La seconda, composta dall’americano Ian Overton e dagli ungheresi David Klein e Zoltan Robert, stava tentando la conquista invernale del Nanga sulla parete Diamir, percorrendo la via Messner. Il team abbandonò il 10 febbraio, il punto più alto raggiunto 5400 mt.

Sempre sul lato Diamir erano presenti Daniele Nardi ed Elisabeth Revol.
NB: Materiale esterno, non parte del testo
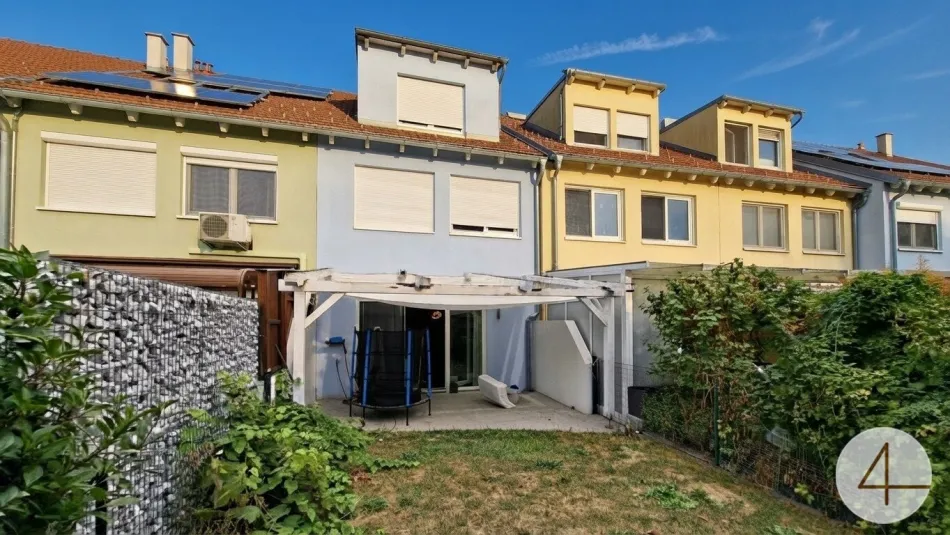 Leben am Wasser – großzügiges Reihenhaus mit Garten, Dachterrasse & Garage in Vösendorf - Bild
L’italiano e la francese arrivarono a 6400 mt, ma prima di dover abbandonare la spedizione decisero di fare un ultimo tentativo passando dallo Sperone Mummery, giungendo però solo a 6000 mt.

Lo stesso inverno, lo scalatore francese Joel Wischnewski, scomparve il 6 febbraio, dopo aver lasciato il campo 2. Il corpo fu ritrovato nel mese di ottobre, si sospetta che fu travolto da una valanga mentre tentava di arrivare a campo 3.

Anche l’inverno del 2013-2014 le spedizioni che tentarono la vetta furono quattro.

Sul versante Diamir Daniele Nardi tentò la vetta in solitaria passando per lo Sperone Mummery, ma le condizioni della montagna si rivelarono pericolose, tanto che l’italiano dovette rinunciare a 5450 mt dopo essere scampato ad una valanga.

Sulla parete Diamir anche il tedesco Ralf Dujmovits, per la via Messner, ma anche lui, per timore dei seracchi e della valanga, decise di abbandonare dopo essere arrivato a campo 1 a 5500 mt.

P1040980-788599Due squadre invece sul versante Rupal: la prima composta da Tomek Mackiewicz e Mark Klnowski, il quale per ragioni personali lasciò la squadra nel mese di gennaio, ed altre quattro alpinisti polacchi; la seconda da Simone Moro e David Gottler (al campo base Emilio Previtali). Gli alpinisti provarono per tre volta di arrivare in vetta, ma per le condizioni meteo erano sfavorevoli, il team di Moro e Gottler terminarono la spedizione il 3 marzo, mentre i polacchi fecero un ultimo tentativo l’8 marzo, che si trasformò in una missione di soccorso quando due compagni furono colpiti da una valanga.

L’inverno dell’anno scorso fu il turno nuovamente di Daniele Nardi, intenzionato nuovamente ad aprire una via nuova lungo lo Sperone Mummery sulla parete Diamir. Dopo aver deciso di ripiegare sulla via Kinshofer, si unì alla spedizione di Alex Txikon ed Alì Sadpara. I tre, dopo aver lasciato campo 4, sbagliarono però via, mancando il canale che avrebbero dovuto scalare, decidendo così che la cosa migliore e responsabile fosse rinunciare. Assieme all’italiano, al basco ed al pakistano, avevano iniziato la salita anche gli iraniani Reza Bahadorani, Iraj Maani e Mahmood Hashemi, che decisero però di tornare indietro al campo 1 senza arrivare al campo 2.

Sulla via Messner invece Elisabeth Revol e Tomasz Mackiewicz dopo due tentativi di vetta, il primo tornando indietro a 7500 metri il secondo fermandosi a 7800 metri, diedero addio alla cima per l’intenso freddo.

Sul versante Rupal c’erano invece i russi Nickolay Totmjanin, Valery Shamalo, Serguey Kondrashkin e Victor Koval, arrivati a campo 4 a 7150 mt e fermati dal mal tempo.

Venticinque anni di tentativi per raggiungere la cima di una montagna rimasta inviolata finora. Forse stanotte sarà quella giusta per scrivere finalmente questa pagina della storia dell’alpinismo.